Утомительный день. Огни вечернего неба, заходящее солнце светили прямо в стекло небесно-голубого лимузина, и этот свет на миг ослепил Вашингтона и Карлу. Он ослепил их, но в то же время очистил и преобразил.
Лица Карлы и Вашингтона посветлели. Вашингтон не сразу опустил теневой щиток. Они медленно ехали по берегу реки. Еще вчера Карла была способна размечтаться, что когда-нибудь они точно так же выедут на прогулку по Риверсайд-драйв в Нью-Йорке или к Золотым воротам в Калифорнии. Теперь же ее сердце успокоилось. Она уже не ехала навстречу сказочной квартире из американского журнала, квартире с креслами, телевизорами и автоматизированной кухней. Это была мечта. Сказочная мечта, столь мучившая Карлу, ибо в глубине души она всегда боялась, что не достигнет сказочной страны. Теперь она освободилась от груза своих несбыточных желаний. У себя в комнате она никак не могла опомниться. Когда Вашингтон повел ее к машине, она уже не висла у него на руке, как мешок, тяжелый мешок, наполненный чем-то мертвым. Теперь она освободилась. Освободилась, но не от ребенка, а от мечты. Она больше не мечтала о призрачном земном блаженстве и об иллюзиях жизни, каких достигаешь простым нажатием кнопки.

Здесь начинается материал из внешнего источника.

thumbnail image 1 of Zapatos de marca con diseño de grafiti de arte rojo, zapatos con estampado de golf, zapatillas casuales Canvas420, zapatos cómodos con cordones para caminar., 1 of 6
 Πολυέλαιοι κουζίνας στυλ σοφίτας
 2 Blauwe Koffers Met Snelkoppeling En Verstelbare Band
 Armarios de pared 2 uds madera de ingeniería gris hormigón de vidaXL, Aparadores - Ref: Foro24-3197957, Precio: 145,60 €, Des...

Она снова верила. Она верила Вашингтону. Они ехали по берегу реки, и Карла верила, что они едут вдоль Сены. Сена не столь далека, как Миссисипи или Колорадо. Они будут чувствовать себя как дома на берегах Сены. Они оба станут французами, раз уж так получилось, она, немка, станет француженкой, а Вашингтон, чернокожий американец, станет французом. Французы рады, когда кто-нибудь хочет у них поселиться. Карла и Вашингтон откроют ресторанчик, маленький кабачок, «Washington's Inn», и вход туда будет открыт для всех.